The result should be the lines from the one holding "بنسيون Cmi Hotel 1935" to the end of the records below, repeated exactly. No pictures.

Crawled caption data

# # # # # # #

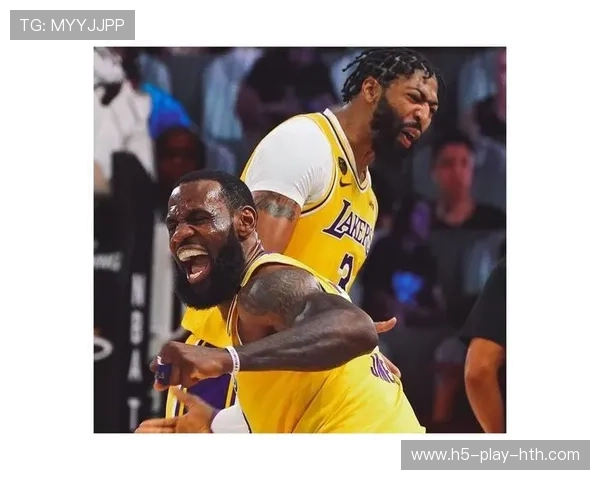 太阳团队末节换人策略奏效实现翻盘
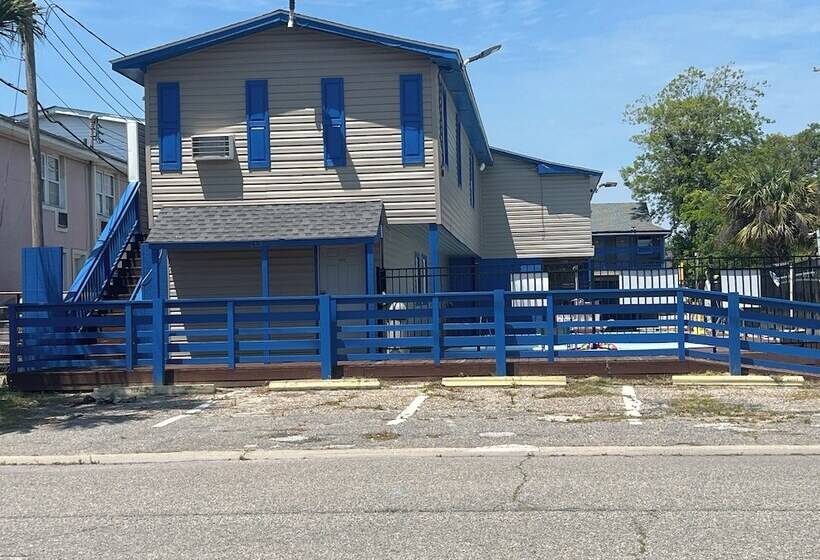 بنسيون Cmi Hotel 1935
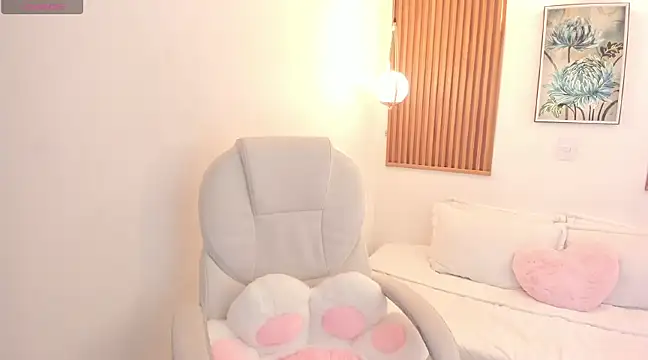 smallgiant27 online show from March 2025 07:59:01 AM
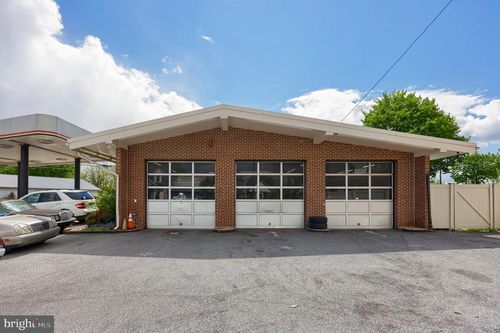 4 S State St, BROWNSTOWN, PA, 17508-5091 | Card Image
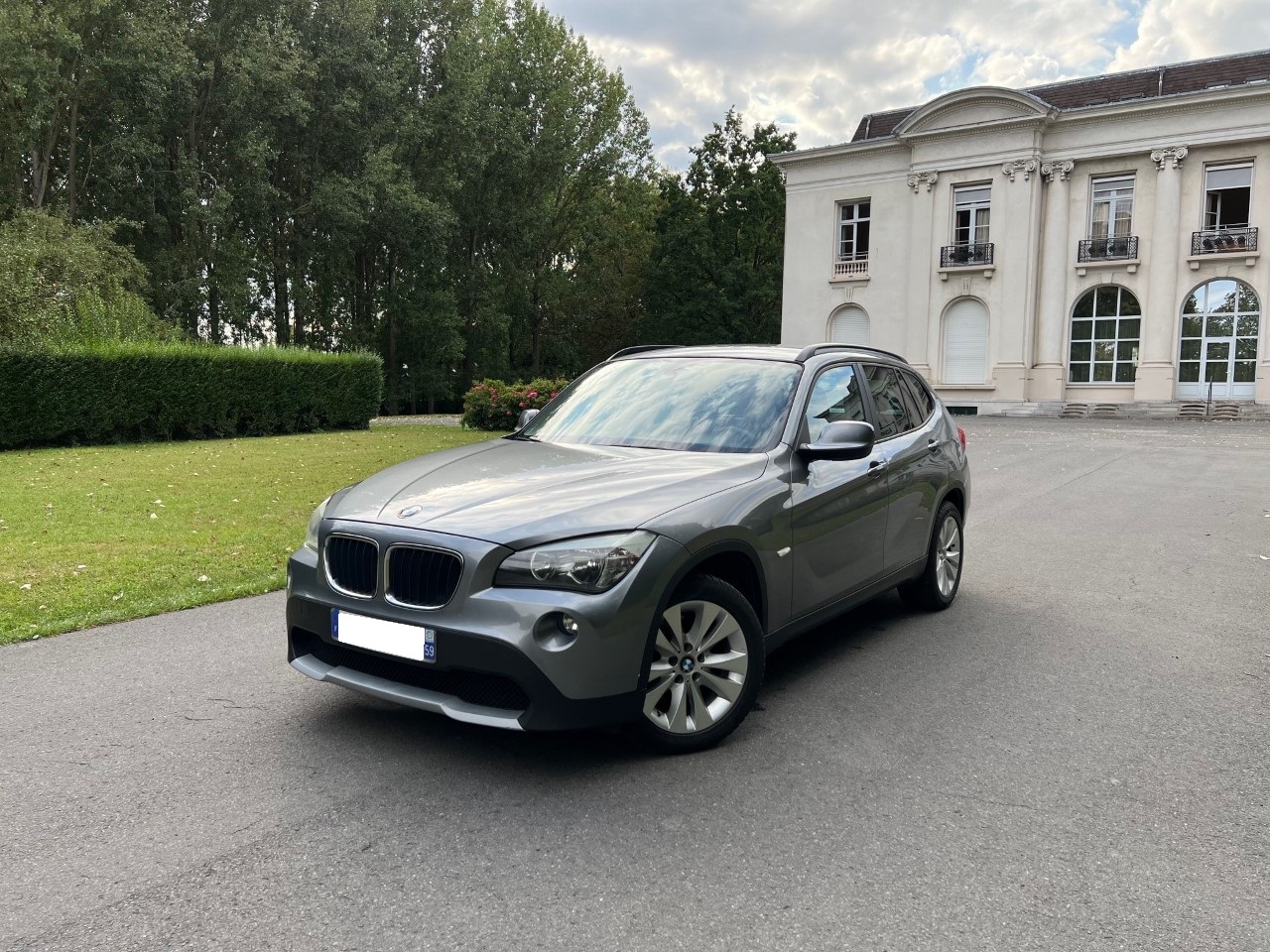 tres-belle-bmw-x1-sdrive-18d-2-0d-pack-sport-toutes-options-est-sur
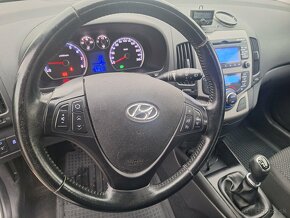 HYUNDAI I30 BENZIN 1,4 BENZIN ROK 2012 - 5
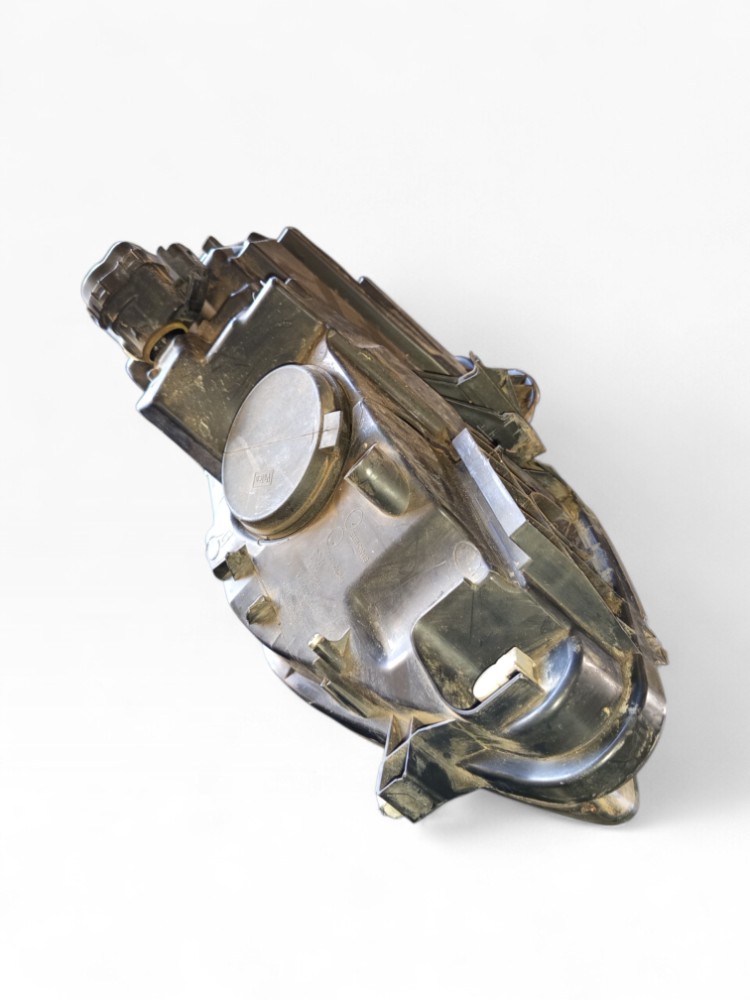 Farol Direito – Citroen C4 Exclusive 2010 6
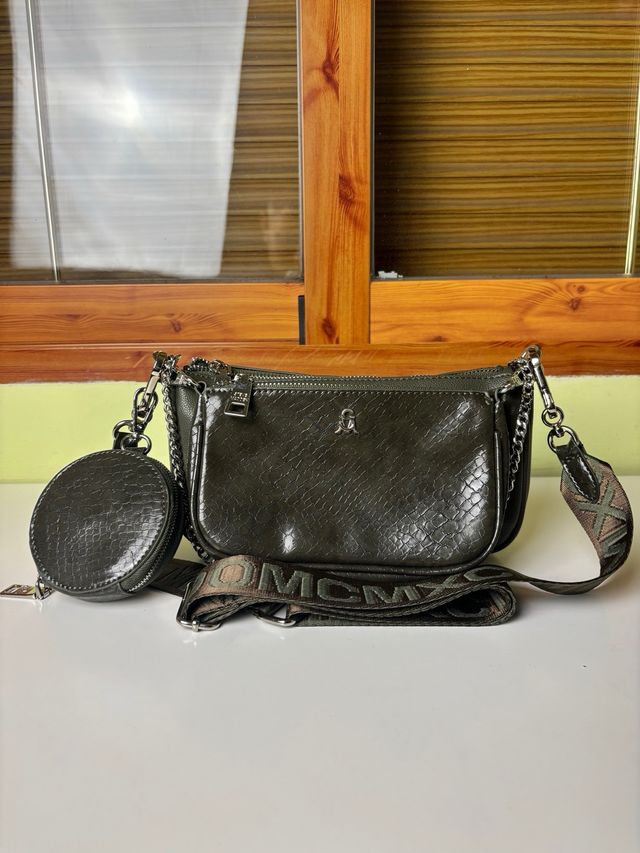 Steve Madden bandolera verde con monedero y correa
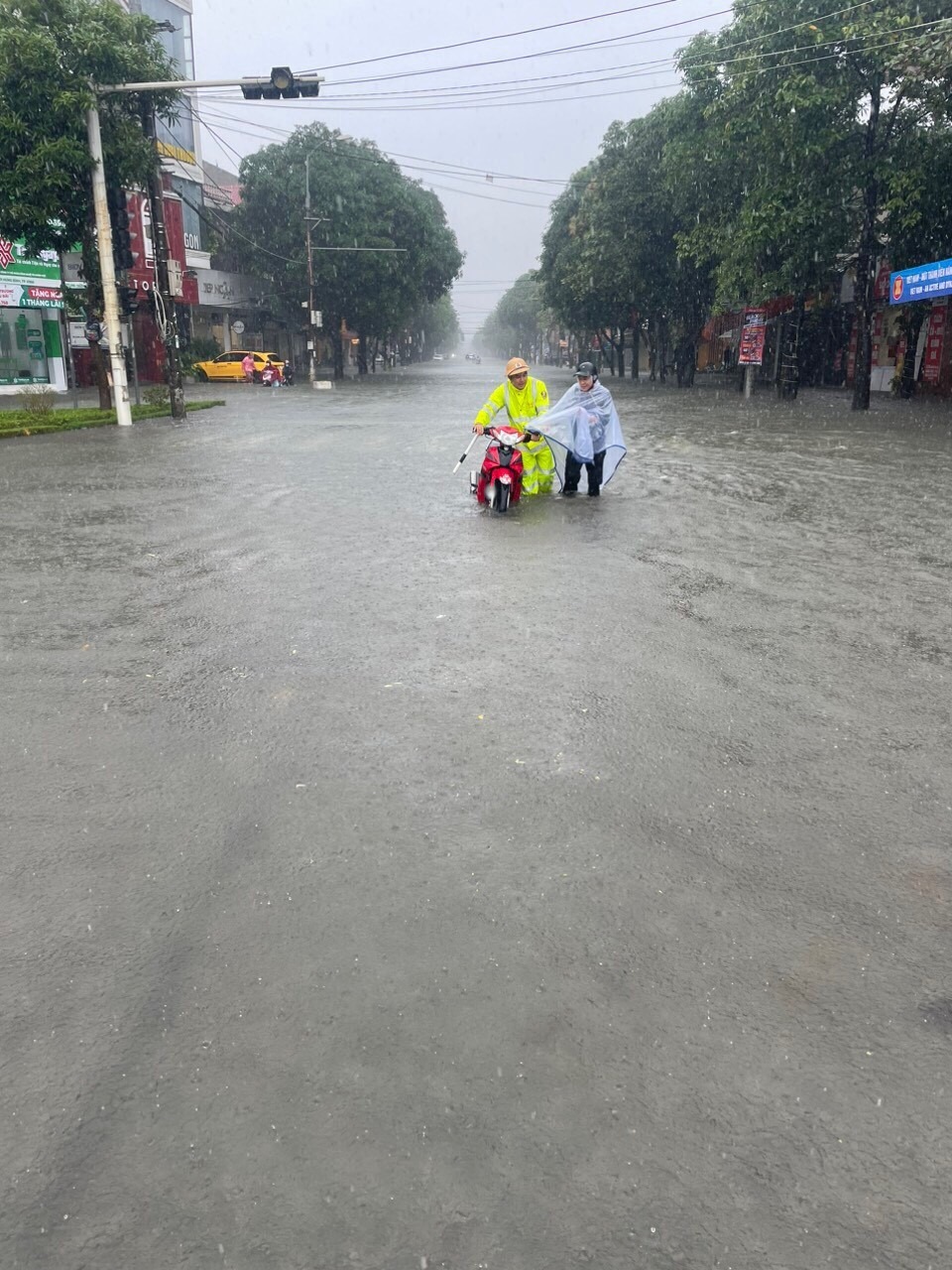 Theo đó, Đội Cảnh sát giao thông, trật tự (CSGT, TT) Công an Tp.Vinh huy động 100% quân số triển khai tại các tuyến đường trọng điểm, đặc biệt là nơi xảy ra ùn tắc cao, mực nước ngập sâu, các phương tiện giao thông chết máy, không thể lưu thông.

# # # # # # #

EXERCISE SOLUTION:
 بنسيون Cmi Hotel 1935
 smallgiant27 online show from March 2025 07:59:01 AM
 4 S State St, BROWNSTOWN, PA, 17508-5091 | Card Image
 tres-belle-bmw-x1-sdrive-18d-2-0d-pack-sport-toutes-options-est-sur
 HYUNDAI I30 BENZIN 1,4 BENZIN ROK 2012 - 5
 Farol Direito – Citroen C4 Exclusive 2010 6
 Steve Madden bandolera verde con monedero y correa
 Theo đó, Đội Cảnh sát giao thông, trật tự (CSGT, TT) Công an Tp.Vinh huy động 100% quân số triển khai tại các tuyến đường trọng điểm, đặc biệt là nơi xảy ra ùn tắc cao, mực nước ngập sâu, các phương tiện giao thông chết máy, không thể lưu thông.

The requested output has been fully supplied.